The Greater Bengaluru Authority (GBA) is preparing to recruit at least 700 personnel across the city’s five newly formed municipal corporations for various posts including junior engineers, assistant engineers, planning assistants, supervisors, among other posts. This is part of the Cadre and Manpower (CNM) review, a comprehensive review of cadre strength and staffing requirements following the restructuring of the Bruhat Bengaluru Mahanagara Palike (BBMP). 

According to officials, the authority has already begun identifying departments and posts where additional manpower is urgently required and is expected to submit a detailed recruitment proposal to the State government in the coming months. “The exercise spans a wide range of posts, across engineering, health, revenue, town planning, administration and solid waste management wings,” the official said. 

“The ongoing exercise involves a cadre review. The review will assess sanctioned strength, identify long-pending vacancies, examine the need for new posts following decentralisation, and redistribution of existing staff across the five corporations.
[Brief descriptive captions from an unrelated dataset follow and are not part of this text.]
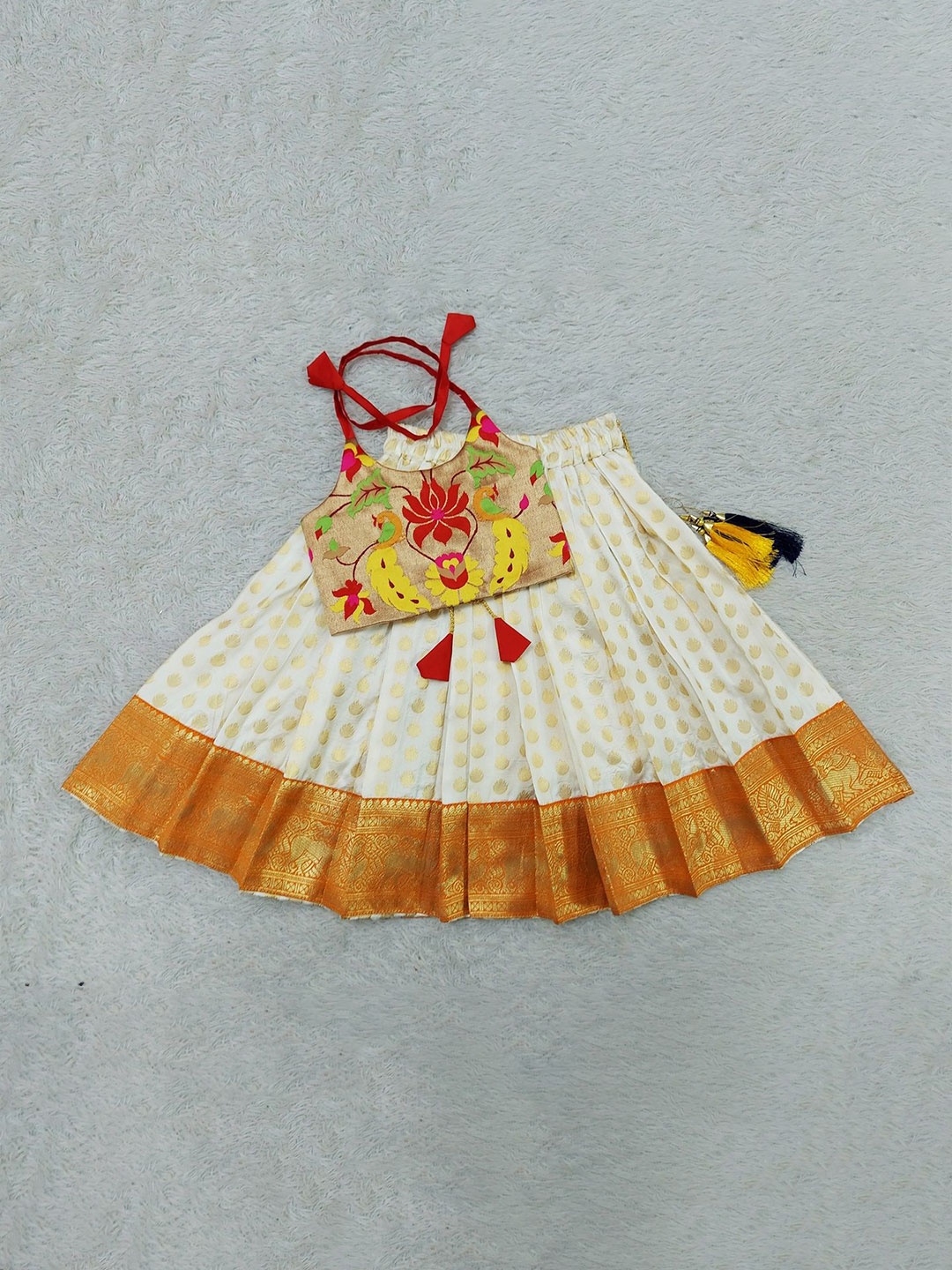 

FELIZ THE DESIGNER STUDIO Girls Ready to Wear Lehenga &, White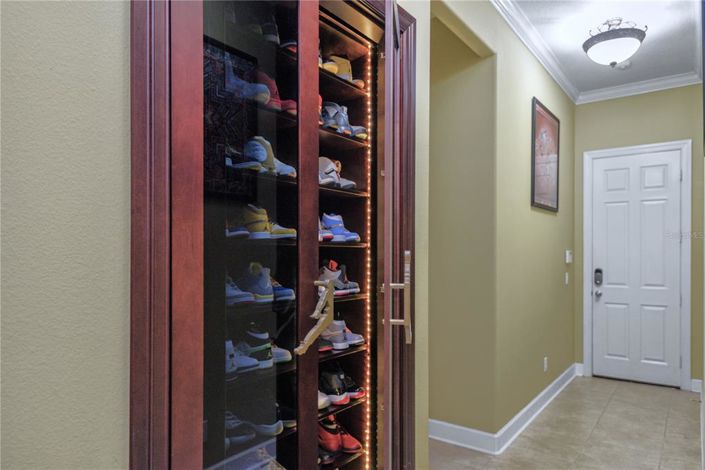 Image No.32-5 Bed Property for sale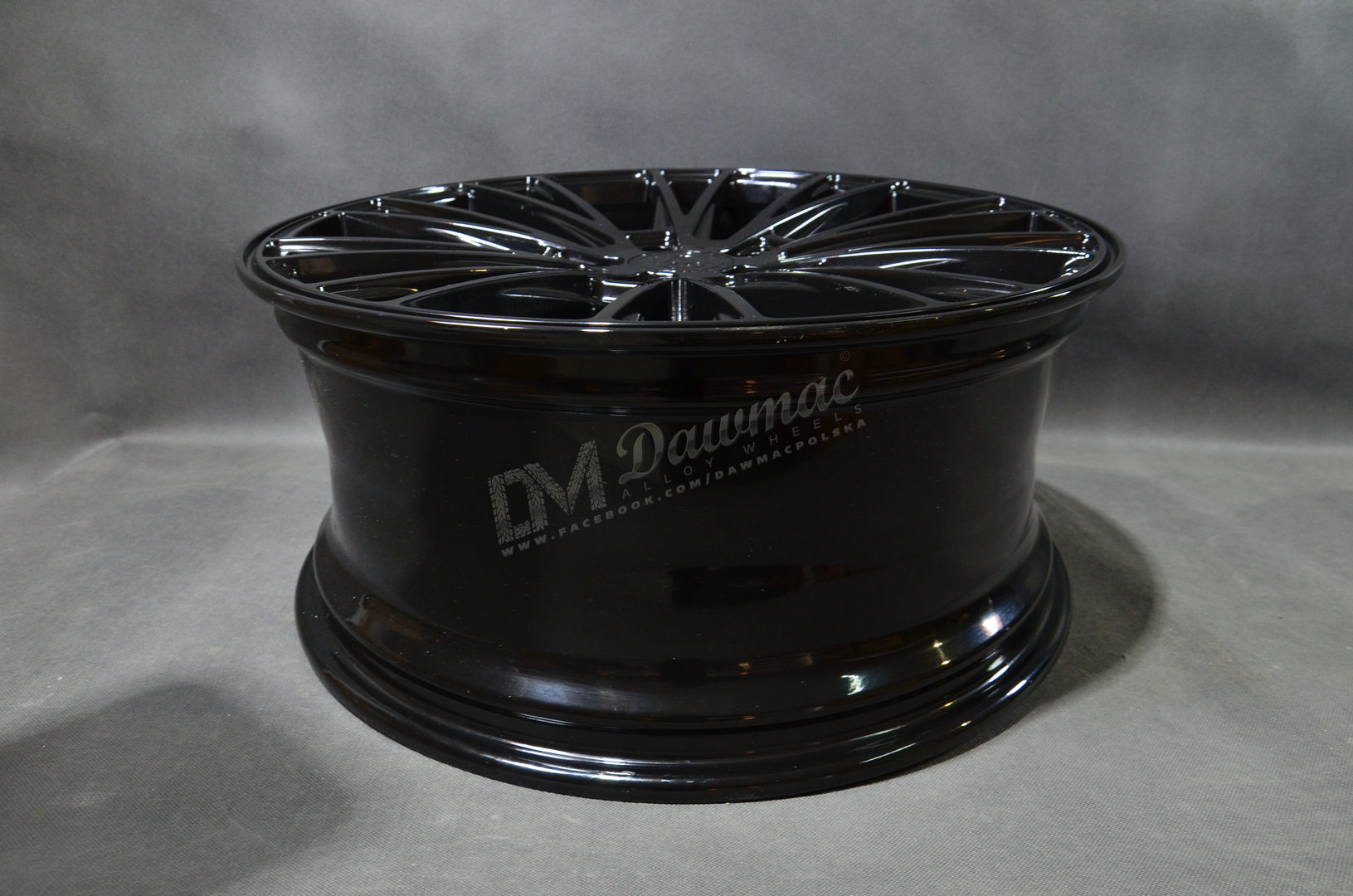 AXE CF2 22" 10,5J ET30 5x108-5x130 Gloss Black - obrazek 5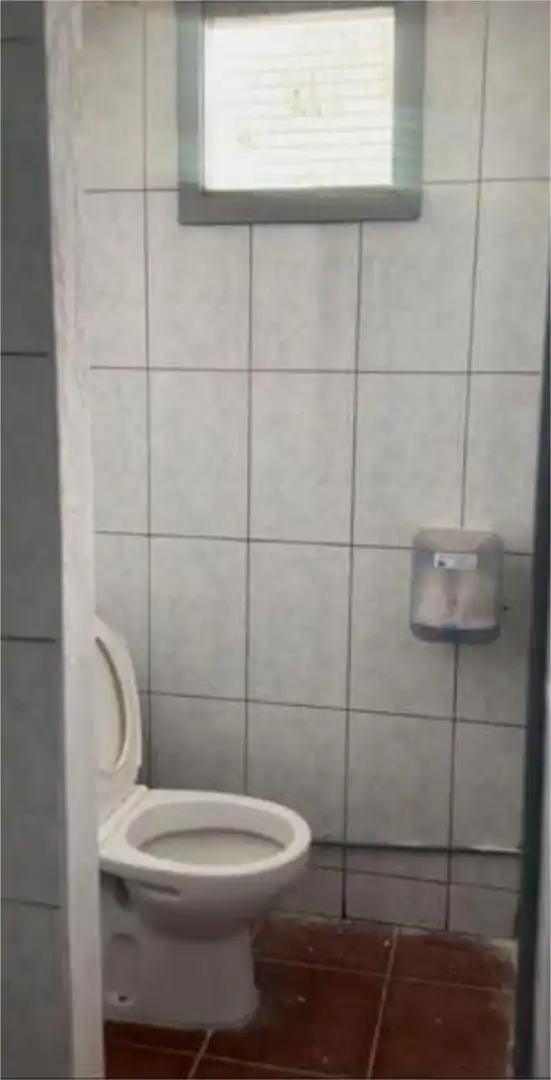 Baño de Local de alquiler en San Cristóbal de la Laguna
Decisions on fresh recruitment will be taken only after this process is completed and approved,” official said.

Officials point out that even when the BBMP was in place, nearly 600 sanctioned posts had remained vacant for years. “ Now, with the city divided into five corporations, decentralisation has increased the need for staffing at multiple levels. That is why the recruitment requirement has gone up to 700 or even more,” a senior GBA official said. 

GBA Chief Commissioner M. Maheshwar Rao also confirmed the development to The Hindu

Officials said the cadre review is aimed at assessing not just vacancies, but whether the sanctioned strength itself is adequate for the responsibilities that the new corporations are expected to handle.  

The GBA is also examining workload imbalances that existed under the earlier BBMP structure, where a shortage of technical and supervisory staff often delayed project execution, affected routine civic services, and increased dependence on contractual appointments.

“Many departments were overstretched, with officials handling multiple portfolios. This review is meant to correct that structural problem,” a West Corporation official said, adding that without a proper review, some corporations, especially the rapidly expanding ones, could remain understaffed while others may have surplus staff.